Problem statement. Below are the entries to work from; restate word for word the portion that opens with the line containing "Heathered Loose Jeans, Beige - Image 7" and closes with the line containing "UGREEN Receptor Bluetooth", keeping both.

Dataset extract.
········
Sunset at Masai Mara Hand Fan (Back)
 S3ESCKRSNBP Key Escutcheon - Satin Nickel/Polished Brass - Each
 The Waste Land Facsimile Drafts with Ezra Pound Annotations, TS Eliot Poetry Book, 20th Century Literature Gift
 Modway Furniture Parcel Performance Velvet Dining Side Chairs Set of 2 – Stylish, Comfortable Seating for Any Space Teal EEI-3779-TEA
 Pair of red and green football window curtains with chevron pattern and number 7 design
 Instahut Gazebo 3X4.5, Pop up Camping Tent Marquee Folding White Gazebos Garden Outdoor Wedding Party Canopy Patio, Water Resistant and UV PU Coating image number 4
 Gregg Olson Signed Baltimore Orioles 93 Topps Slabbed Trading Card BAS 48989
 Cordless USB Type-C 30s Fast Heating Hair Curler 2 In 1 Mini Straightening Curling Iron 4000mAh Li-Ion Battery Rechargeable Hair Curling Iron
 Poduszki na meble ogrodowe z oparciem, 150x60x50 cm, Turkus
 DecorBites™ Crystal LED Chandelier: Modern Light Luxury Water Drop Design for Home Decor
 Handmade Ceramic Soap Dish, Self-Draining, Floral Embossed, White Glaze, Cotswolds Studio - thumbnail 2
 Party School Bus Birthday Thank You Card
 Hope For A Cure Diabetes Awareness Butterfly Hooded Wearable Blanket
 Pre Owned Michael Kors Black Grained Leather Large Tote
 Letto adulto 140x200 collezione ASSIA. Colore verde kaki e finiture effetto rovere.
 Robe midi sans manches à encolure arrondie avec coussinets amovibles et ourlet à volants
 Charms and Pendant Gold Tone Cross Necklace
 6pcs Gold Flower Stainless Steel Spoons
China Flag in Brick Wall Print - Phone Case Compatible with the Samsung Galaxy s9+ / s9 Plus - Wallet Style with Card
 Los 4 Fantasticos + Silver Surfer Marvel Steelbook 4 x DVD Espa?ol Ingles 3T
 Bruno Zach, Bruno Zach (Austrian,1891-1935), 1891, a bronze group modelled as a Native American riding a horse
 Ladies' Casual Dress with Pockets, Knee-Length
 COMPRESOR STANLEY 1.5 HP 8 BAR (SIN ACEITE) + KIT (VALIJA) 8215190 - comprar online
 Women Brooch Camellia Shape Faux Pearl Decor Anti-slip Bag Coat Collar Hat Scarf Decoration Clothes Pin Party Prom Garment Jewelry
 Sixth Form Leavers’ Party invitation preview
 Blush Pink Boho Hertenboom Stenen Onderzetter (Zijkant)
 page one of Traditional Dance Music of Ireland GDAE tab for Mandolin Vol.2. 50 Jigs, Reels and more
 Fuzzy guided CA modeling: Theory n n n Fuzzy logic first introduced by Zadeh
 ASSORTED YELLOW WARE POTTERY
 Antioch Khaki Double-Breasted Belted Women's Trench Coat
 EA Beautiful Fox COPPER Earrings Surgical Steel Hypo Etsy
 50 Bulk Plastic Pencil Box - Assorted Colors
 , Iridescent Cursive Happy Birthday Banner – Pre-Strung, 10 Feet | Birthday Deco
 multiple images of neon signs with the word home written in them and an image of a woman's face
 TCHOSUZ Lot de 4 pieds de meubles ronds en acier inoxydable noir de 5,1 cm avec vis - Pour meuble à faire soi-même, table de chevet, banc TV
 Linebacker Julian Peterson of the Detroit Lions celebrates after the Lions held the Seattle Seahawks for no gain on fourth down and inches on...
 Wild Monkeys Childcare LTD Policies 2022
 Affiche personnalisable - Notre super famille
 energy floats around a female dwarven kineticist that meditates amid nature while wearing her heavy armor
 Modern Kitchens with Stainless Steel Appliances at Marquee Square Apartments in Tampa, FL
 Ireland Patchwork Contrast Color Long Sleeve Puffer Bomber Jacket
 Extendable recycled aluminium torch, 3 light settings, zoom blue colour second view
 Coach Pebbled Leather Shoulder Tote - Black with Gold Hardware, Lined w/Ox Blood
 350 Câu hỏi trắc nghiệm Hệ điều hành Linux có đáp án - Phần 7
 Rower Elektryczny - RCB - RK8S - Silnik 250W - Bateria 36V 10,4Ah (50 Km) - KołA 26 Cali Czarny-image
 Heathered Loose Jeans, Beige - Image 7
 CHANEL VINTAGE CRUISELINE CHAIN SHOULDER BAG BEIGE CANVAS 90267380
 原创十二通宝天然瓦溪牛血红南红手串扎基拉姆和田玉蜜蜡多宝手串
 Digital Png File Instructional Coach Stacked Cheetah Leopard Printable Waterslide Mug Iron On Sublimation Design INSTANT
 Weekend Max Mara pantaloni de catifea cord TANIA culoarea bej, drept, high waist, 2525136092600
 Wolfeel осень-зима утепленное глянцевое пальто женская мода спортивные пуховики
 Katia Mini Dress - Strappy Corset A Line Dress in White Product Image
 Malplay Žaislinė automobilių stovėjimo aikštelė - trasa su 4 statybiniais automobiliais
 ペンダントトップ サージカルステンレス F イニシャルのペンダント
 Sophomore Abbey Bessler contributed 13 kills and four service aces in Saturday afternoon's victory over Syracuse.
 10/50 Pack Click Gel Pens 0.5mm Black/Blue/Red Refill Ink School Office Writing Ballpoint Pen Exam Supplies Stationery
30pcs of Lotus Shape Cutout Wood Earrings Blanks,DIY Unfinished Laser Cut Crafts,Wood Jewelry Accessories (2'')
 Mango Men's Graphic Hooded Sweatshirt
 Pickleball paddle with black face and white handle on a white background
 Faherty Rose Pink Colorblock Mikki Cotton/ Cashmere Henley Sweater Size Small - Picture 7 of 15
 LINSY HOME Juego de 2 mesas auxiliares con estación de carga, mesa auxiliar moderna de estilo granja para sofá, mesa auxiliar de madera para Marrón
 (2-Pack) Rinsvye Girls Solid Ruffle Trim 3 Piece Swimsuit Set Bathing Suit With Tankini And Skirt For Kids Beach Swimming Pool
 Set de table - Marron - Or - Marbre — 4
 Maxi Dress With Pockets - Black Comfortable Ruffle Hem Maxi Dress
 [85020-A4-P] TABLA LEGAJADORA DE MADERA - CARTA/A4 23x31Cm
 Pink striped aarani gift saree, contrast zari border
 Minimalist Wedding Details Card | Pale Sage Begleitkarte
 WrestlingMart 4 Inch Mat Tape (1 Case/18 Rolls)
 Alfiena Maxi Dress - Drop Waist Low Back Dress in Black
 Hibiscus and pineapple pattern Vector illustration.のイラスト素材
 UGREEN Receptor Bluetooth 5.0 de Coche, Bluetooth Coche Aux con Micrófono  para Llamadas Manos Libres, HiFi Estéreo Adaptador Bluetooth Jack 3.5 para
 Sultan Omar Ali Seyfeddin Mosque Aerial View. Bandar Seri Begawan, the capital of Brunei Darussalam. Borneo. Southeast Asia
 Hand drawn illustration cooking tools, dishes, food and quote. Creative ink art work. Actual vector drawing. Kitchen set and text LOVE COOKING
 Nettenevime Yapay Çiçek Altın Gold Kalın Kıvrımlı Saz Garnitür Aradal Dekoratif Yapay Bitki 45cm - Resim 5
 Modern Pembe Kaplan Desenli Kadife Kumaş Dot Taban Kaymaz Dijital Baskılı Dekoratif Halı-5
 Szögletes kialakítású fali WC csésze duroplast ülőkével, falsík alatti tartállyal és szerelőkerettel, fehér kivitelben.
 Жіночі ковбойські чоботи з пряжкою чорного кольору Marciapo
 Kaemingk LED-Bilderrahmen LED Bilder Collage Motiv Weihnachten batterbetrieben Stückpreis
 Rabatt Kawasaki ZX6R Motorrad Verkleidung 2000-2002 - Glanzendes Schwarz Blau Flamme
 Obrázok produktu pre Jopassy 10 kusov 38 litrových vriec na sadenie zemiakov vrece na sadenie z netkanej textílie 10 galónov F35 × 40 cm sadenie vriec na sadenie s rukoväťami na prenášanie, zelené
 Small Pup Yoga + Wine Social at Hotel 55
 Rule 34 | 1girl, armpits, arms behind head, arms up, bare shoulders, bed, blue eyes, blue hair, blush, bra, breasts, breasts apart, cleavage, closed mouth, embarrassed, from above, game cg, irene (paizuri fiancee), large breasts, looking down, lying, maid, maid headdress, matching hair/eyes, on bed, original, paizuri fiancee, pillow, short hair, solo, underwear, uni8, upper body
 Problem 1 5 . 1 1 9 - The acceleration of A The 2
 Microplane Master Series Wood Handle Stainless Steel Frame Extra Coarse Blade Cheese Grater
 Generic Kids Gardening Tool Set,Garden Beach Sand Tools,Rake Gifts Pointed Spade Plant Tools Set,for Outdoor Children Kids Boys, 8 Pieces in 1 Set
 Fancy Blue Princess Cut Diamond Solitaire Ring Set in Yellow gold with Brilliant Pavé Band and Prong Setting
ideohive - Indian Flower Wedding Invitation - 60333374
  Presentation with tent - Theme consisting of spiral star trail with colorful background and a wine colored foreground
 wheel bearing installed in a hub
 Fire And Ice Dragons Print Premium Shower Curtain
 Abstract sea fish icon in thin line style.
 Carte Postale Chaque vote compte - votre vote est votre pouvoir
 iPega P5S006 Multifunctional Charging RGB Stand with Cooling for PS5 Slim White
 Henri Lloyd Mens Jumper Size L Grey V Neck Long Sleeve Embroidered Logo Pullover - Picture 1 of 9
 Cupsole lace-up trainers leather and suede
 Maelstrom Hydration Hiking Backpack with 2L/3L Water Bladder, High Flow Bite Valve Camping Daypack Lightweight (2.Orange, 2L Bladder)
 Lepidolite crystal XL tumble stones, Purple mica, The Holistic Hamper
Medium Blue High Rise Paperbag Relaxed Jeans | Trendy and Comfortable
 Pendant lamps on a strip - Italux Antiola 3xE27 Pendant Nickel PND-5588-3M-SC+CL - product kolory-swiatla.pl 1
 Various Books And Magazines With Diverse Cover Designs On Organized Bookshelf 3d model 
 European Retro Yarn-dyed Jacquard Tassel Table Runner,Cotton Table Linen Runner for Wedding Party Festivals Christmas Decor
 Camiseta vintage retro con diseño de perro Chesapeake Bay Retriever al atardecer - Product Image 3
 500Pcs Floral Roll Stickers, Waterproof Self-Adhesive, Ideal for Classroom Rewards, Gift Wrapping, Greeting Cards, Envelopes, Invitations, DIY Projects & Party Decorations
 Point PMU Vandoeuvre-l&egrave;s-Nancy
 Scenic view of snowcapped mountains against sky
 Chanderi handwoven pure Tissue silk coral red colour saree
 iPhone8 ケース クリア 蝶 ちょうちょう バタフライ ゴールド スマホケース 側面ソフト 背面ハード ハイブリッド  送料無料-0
········
Exercise response.
 Heathered Loose Jeans, Beige - Image 7
 CHANEL VINTAGE CRUISELINE CHAIN SHOULDER BAG BEIGE CANVAS 90267380
 原创十二通宝天然瓦溪牛血红南红手串扎基拉姆和田玉蜜蜡多宝手串
 Digital Png File Instructional Coach Stacked Cheetah Leopard Printable Waterslide Mug Iron On Sublimation Design INSTANT
 Weekend Max Mara pantaloni de catifea cord TANIA culoarea bej, drept, high waist, 2525136092600
 Wolfeel осень-зима утепленное глянцевое пальто женская мода спортивные пуховики
 Katia Mini Dress - Strappy Corset A Line Dress in White Product Image
 Malplay Žaislinė automobilių stovėjimo aikštelė - trasa su 4 statybiniais automobiliais
 ペンダントトップ サージカルステンレス F イニシャルのペンダント
 Sophomore Abbey Bessler contributed 13 kills and four service aces in Saturday afternoon's victory over Syracuse.
 10/50 Pack Click Gel Pens 0.5mm Black/Blue/Red Refill Ink School Office Writing Ballpoint Pen Exam Supplies Stationery
30pcs of Lotus Shape Cutout Wood Earrings Blanks,DIY Unfinished Laser Cut Crafts,Wood Jewelry Accessories (2'')
 Mango Men's Graphic Hooded Sweatshirt
 Pickleball paddle with black face and white handle on a white background
 Faherty Rose Pink Colorblock Mikki Cotton/ Cashmere Henley Sweater Size Small - Picture 7 of 15
 LINSY HOME Juego de 2 mesas auxiliares con estación de carga, mesa auxiliar moderna de estilo granja para sofá, mesa auxiliar de madera para Marrón
 (2-Pack) Rinsvye Girls Solid Ruffle Trim 3 Piece Swimsuit Set Bathing Suit With Tankini And Skirt For Kids Beach Swimming Pool
 Set de table - Marron - Or - Marbre — 4
 Maxi Dress With Pockets - Black Comfortable Ruffle Hem Maxi Dress
 [85020-A4-P] TABLA LEGAJADORA DE MADERA - CARTA/A4 23x31Cm
 Pink striped aarani gift saree, contrast zari border
 Minimalist Wedding Details Card | Pale Sage Begleitkarte
 WrestlingMart 4 Inch Mat Tape (1 Case/18 Rolls)
 Alfiena Maxi Dress - Drop Waist Low Back Dress in Black
 Hibiscus and pineapple pattern Vector illustration.のイラスト素材
 UGREEN Receptor Bluetooth 5.0 de Coche, Bluetooth Coche Aux con Micrófono  para Llamadas Manos Libres, HiFi Estéreo Adaptador Bluetooth Jack 3.5 para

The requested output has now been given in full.